The entries below should be quoted exactly, with no pictures carried over.
Material provided: Begin
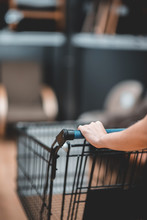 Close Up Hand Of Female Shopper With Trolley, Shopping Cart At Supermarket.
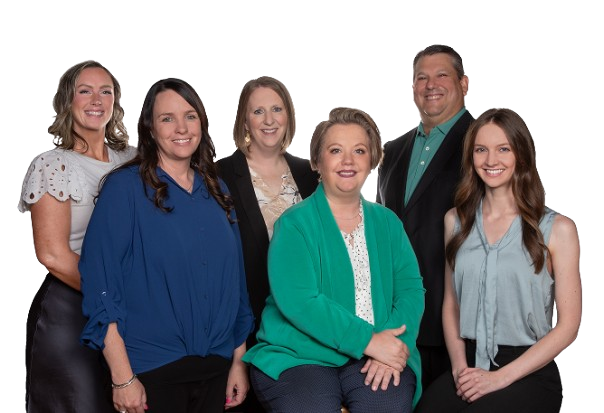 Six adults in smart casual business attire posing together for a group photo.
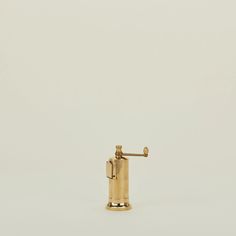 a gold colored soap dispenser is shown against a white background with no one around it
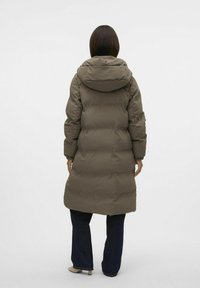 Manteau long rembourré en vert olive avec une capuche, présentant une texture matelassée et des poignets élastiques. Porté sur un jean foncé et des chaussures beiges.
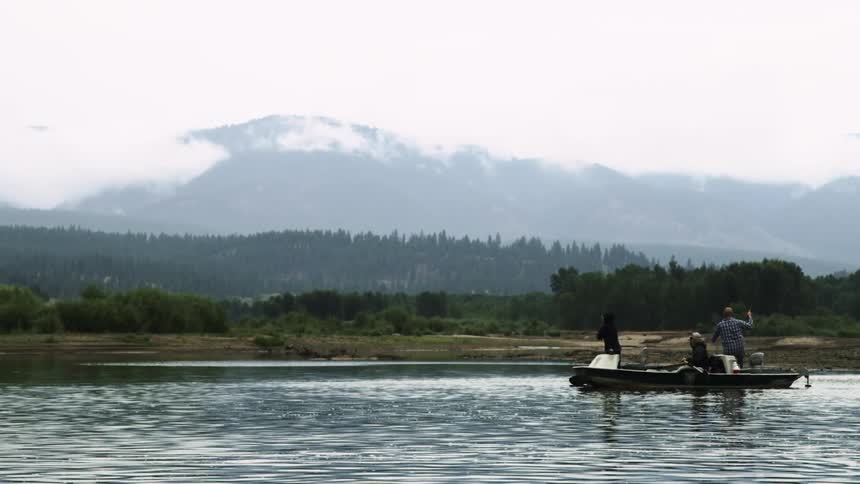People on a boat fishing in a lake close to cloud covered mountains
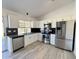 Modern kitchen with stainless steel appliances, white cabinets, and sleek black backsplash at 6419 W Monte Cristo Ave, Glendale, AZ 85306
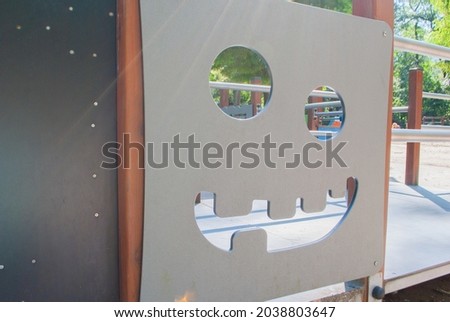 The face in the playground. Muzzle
Material provided: End
▶ [Answer to this task]:
 Close Up Hand Of Female Shopper With Trolley, Shopping Cart At Supermarket.
 Six adults in smart casual business attire posing together for a group photo.
 a gold colored soap dispenser is shown against a white background with no one around it
 Manteau long rembourré en vert olive avec une capuche, présentant une texture matelassée et des poignets élastiques. Porté sur un jean foncé et des chaussures beiges.
People on a boat fishing in a lake close to cloud covered mountains
 Modern kitchen with stainless steel appliances, white cabinets, and sleek black backsplash at 6419 W Monte Cristo Ave, Glendale, AZ 85306
 The face in the playground. Muzzle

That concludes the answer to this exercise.